This volume presents vessels, fittings and other objects made in Syria, Egypt, Iraq and Yemen from the early Islamic period through to the end of the Ottoman era in the 19th century. The pieces include exquisite platters, serving-vessels, candlesticks and pen-boxes produced for royal courts, but also many beautifully decorated bronze domestic items, such as bowls, lunch-boxes, door-knockers, buckets and lamps.

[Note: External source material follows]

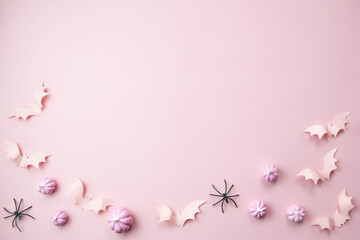 pink background with a place for text with small pink pumpkins with pink bats spiders skeletons...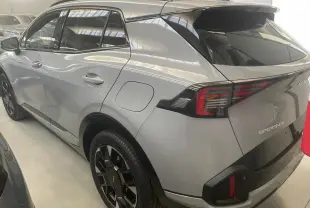 Vue 3/4 arrière droite du KIA Sportage 2026 hybride gris loup avec jantes noires et feux arrière LED distinctifs.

The metalwork traditions in this book reflect the complex history of the Arab world following the advent of Islam. The collection starts in the Late Antique period, which informed the early Islamic royal styles of the Umayyad, Abbasid and Fatimid dynasties, and goes on to trace the emergence of Mosul as a centre for metalwork in the 12th-13th centuries; the courtly Mamluk style during the Bahri period (1250-1380s); the Circassian era (1380s-1517); the growth of the European export market from the 15th century; distinctive vernacular styles in Yemen during the 14th-16th centuries; and the many revivals and fusions of international styles over six centuries of Ottoman rule (1517-1900s). Finally, an enigmatic group of zoomorphic fittings that defies easy dating is celebrated for the craftsmanship and charm of its animal figures.
This beautifully illustrated volume features many important unpublished pieces and is essential reading for specialists, but it will fascinate and inform anyone with an interest in Islamic culture and history, metalwork and the decorative arts of the Arab world.